Records from a data source
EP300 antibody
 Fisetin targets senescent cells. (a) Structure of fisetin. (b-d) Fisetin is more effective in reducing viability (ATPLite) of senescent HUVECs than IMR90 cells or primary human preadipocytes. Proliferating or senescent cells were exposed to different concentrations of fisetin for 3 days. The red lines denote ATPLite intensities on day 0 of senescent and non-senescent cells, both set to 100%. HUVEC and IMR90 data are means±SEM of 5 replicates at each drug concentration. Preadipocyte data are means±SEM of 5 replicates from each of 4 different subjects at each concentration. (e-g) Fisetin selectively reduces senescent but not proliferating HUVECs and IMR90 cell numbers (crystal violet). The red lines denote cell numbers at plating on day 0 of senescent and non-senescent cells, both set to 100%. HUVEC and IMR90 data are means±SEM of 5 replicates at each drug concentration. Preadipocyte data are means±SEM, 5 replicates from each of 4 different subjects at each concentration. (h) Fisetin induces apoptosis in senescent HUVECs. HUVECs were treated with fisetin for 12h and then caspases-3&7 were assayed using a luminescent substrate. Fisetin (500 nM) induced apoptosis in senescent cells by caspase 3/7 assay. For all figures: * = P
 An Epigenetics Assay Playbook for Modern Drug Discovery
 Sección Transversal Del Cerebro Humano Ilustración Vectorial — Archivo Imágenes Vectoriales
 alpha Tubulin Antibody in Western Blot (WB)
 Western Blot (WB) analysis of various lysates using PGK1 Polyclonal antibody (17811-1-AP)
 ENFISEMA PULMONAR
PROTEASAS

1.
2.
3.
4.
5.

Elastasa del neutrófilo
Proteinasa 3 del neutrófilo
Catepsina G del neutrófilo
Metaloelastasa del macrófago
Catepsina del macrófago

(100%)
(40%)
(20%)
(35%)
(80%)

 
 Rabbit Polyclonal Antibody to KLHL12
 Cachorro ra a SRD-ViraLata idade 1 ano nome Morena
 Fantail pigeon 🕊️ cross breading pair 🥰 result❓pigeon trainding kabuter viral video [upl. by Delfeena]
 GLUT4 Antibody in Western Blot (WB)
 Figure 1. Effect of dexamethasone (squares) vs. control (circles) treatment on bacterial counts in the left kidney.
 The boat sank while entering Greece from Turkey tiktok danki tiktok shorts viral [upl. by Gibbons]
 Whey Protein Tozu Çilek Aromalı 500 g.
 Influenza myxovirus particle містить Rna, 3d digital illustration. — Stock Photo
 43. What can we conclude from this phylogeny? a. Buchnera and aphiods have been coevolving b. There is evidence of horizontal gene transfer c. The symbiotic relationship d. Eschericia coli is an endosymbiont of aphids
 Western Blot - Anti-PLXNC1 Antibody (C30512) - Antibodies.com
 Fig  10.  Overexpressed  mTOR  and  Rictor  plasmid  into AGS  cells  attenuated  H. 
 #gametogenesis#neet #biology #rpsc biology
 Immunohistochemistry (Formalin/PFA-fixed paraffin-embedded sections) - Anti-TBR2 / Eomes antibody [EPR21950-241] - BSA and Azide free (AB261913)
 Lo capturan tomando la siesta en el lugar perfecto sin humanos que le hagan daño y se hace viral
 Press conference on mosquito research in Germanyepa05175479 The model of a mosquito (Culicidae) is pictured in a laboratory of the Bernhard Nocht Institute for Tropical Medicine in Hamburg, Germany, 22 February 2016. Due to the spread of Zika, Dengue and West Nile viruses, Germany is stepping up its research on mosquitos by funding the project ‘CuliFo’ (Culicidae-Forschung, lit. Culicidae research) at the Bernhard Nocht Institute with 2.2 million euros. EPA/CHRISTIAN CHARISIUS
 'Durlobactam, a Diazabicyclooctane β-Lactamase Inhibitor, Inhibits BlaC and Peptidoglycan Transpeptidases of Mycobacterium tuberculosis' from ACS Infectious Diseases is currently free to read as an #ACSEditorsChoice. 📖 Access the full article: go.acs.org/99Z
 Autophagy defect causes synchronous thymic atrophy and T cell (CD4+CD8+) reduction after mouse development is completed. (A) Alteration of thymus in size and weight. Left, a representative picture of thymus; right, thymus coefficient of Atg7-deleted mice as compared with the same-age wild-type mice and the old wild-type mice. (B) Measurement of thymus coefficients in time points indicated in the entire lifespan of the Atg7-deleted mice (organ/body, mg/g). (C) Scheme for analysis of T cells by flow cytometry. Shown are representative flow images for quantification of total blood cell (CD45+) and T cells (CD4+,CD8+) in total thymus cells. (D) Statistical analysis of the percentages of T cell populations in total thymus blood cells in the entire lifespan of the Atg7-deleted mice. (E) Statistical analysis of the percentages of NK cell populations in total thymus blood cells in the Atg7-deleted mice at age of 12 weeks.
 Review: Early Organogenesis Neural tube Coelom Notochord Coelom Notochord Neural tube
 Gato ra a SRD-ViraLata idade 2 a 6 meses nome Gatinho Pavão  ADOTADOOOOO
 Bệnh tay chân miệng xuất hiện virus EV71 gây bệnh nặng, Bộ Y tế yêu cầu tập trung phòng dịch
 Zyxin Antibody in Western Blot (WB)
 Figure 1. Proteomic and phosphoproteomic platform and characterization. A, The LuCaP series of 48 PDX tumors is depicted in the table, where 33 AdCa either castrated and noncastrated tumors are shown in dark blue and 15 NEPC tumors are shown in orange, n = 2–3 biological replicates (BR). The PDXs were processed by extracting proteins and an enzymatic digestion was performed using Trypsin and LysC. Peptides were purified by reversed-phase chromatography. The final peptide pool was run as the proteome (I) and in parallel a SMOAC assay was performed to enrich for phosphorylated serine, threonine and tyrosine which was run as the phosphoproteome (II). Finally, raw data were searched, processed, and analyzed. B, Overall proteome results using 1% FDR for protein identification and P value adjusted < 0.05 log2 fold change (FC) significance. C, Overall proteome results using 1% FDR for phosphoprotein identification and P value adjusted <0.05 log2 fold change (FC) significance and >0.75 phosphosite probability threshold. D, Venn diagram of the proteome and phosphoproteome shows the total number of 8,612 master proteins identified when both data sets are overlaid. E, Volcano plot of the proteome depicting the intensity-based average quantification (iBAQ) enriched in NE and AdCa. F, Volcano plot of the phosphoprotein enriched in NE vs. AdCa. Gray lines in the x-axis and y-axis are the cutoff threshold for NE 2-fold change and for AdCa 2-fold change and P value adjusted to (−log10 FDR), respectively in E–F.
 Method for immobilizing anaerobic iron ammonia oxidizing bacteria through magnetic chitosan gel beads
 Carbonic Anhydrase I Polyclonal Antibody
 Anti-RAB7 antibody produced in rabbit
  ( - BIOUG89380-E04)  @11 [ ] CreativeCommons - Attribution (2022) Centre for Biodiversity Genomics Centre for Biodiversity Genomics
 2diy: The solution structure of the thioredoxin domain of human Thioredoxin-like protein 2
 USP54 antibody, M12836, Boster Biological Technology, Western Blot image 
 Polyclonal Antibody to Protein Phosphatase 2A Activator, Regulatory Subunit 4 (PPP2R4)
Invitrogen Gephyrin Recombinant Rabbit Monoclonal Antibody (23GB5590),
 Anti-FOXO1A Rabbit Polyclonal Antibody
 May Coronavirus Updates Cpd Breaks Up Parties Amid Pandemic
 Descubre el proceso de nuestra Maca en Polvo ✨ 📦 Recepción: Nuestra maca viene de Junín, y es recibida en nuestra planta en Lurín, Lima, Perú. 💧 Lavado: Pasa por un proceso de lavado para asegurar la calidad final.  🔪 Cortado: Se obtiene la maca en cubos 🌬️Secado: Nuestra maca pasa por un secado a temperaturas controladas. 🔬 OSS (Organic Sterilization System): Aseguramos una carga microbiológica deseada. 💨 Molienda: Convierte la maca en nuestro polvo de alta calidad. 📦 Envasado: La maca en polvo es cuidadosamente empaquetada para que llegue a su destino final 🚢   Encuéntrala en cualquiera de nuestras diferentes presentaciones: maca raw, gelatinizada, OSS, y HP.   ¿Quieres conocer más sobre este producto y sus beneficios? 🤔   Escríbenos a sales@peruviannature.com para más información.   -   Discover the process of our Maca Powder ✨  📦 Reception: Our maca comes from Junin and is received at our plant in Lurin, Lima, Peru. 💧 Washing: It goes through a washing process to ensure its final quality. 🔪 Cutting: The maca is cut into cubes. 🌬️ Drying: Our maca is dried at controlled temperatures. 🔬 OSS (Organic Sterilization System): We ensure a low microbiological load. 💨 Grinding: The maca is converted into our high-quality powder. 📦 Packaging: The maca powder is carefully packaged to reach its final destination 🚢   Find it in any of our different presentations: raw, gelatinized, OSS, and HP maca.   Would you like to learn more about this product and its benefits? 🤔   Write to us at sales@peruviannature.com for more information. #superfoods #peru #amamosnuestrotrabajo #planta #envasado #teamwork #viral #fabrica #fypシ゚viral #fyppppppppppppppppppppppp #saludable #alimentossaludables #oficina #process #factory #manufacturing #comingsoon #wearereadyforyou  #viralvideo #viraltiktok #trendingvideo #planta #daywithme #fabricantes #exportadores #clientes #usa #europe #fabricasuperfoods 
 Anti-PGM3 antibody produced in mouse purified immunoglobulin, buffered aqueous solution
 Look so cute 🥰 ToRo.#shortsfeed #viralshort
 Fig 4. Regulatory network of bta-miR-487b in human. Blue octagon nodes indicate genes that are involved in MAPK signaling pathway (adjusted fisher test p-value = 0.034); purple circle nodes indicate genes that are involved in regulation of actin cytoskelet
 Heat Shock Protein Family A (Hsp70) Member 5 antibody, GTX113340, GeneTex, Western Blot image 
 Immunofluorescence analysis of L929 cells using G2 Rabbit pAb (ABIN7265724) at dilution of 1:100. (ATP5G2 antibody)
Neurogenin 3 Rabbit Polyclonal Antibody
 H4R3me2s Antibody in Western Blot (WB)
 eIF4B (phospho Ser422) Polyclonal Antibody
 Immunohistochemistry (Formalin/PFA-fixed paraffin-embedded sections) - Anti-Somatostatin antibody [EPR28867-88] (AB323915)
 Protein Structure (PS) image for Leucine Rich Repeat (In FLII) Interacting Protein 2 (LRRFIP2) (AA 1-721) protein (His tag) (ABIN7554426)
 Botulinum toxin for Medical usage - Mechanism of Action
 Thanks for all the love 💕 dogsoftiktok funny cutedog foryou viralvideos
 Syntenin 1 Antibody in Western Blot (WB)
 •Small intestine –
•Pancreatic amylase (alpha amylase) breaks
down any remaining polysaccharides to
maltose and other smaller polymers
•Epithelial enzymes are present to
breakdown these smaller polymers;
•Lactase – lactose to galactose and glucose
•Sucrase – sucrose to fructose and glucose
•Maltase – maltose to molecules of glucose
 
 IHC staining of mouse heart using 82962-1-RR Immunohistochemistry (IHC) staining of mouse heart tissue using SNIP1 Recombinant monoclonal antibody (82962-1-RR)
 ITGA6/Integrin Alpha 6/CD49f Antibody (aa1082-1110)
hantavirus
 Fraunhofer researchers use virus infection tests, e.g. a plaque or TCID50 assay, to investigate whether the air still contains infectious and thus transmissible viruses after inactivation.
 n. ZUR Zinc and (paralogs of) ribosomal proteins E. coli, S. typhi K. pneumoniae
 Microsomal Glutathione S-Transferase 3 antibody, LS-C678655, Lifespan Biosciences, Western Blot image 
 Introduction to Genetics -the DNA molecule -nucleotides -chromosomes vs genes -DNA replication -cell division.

Task to complete:
Restate word for word only the lines above from the line containing "(alpha amylase) breaks" to the line containing "molecules of glucose", both of them included.

Response box:
•Pancreatic amylase (alpha amylase) breaks
down any remaining polysaccharides to
maltose and other smaller polymers
•Epithelial enzymes are present to
breakdown these smaller polymers;
•Lactase – lactose to galactose and glucose
•Sucrase – sucrose to fructose and glucose
•Maltase – maltose to molecules of glucose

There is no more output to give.